Algorithm 3, i.e., the Operator Selection Algorithm, is used to select operator types which can be scaled down without violating the SLOs. Therefore, this algorithm considers several static as well as runtime aspects of the operator types. The goal of the algorithm is to obtain a value which describes the suitability of a particular operator type to be scaled down. Whenever the value is negative, the operator type must not be scaled down, i.e., all operator instances for this type are required to fulfill the SLO.

First, the algorithm ensures that there is at least one operator instance for the given operator type (Lines 2–4). Second, the function considers the amount of all currently running instances for the specific operator type and normalizes it to obtain a value between 0 and 1 (Line 5). This normalization is carried out based on the maximal respectively minimal amount of instances for all operator types.
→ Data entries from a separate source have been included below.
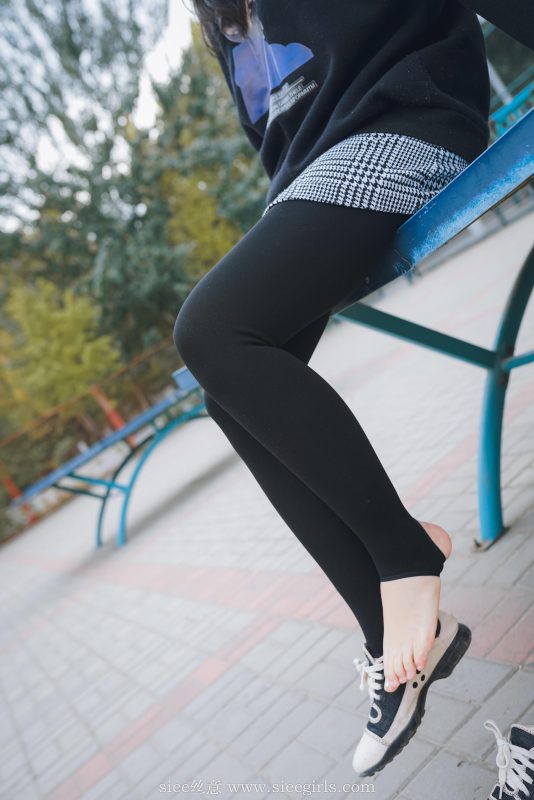 [SIEE丝意] No.383 熊熊 浪漫的学姐 [70P/187MB]-无料摄影圈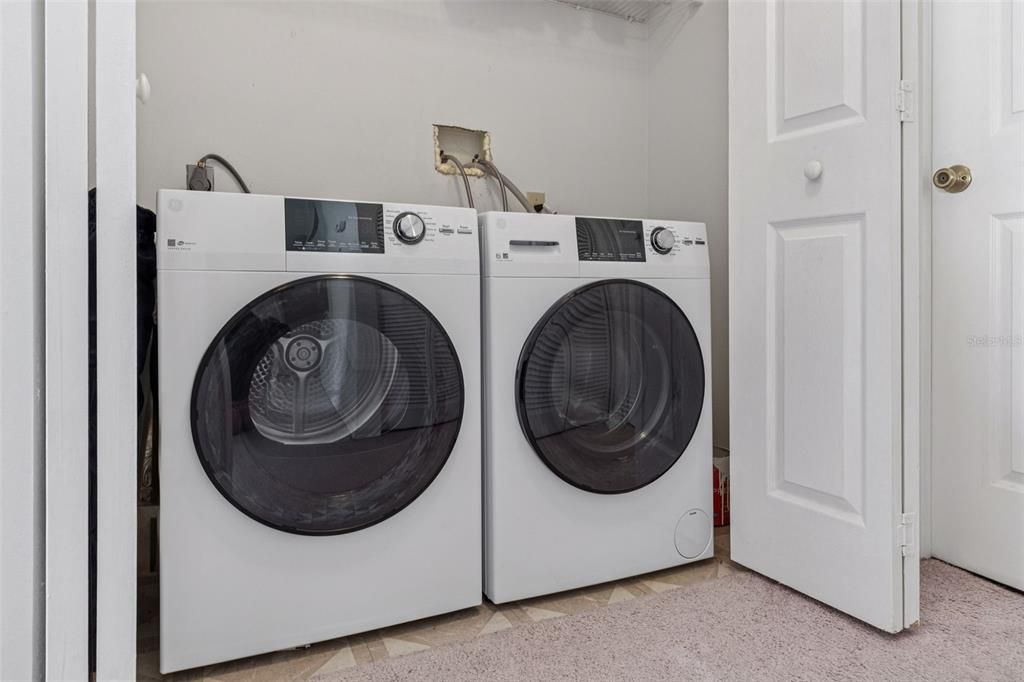 For Sale: $174,900 (1 beds, 1 baths, 734 Square Feet)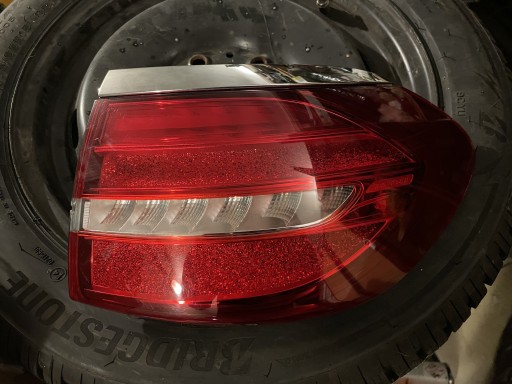 Zdjęcie oferty: Lampa Mercedes W213 S213 kombi prawy tył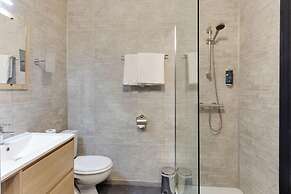 Brit Hotel Le Cygne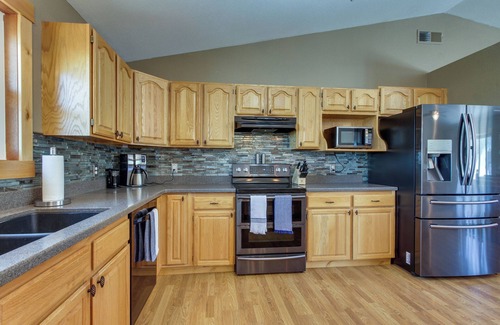 Montana City House | 9 Mi to Helena: Mtn-View & Hot Tub at Huge Home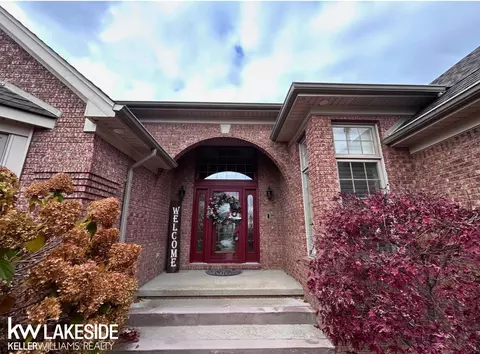 51861 Blue Spruce, Macomb, MI 48042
This value represents the aspect that it is better to scale down an operator type with numerous operator instances because the scale down operation removes a smaller percentage of processing power compared to an operator type with fewer operator instances.

Furthermore, we consider the SLA compliance of the particular operator. Here, we consider the actual compliance for the processing duration and multiply it with the penalty cost as a weighting factor (Line 6). Since the penalty cost for the violation of a single data item is typically lower than 1, we add 1 to the penalty cost P. Whenever the processing duration od takes longer than the SLO oslo, the delay value will be less than 1, but when there is any delay, the delay value can become arbitrarily high. The next value for consideration is the relative amount of scaling operations (both up and down) in contrast to the entire scaling operations (Line 7). Here, we penalize previous scaling operations because we want to avoid any oscillating effects, i.e., multiple up- and down-scaling operations for a specific operator. The last factor is the queueLoad. In the course of our evaluations, we have seen that the algorithm may take a long time to recover after a load peak, i.e., release obsolete operator instances as soon as the data is processed. This can be observed when the SPE is confronted with a massive data spike followed by a small data volume for some time. For this scenario, the heuristic discourages any downscaling operation due to the delay factor, which may be high due to the delayed processing of the data spike. To resolve this shortcoming, we introduce the queueLoad factor QL, which encourages the downscaling of an operator type, as soon as no data items are waiting in the incoming queue oqueue (Lines 8–12). For QL we recommend the use of the value 100 to clearly indicate that the operator type can be scaled down, regardless of the other values which are in the range of 0–1 for the instances and scalings value or significantly lower than 100 for the delay value. This value was selected based on a number of preliminary experiments prior to the actual evaluation where the data processing never took longer than 50 times of the intended processing duration.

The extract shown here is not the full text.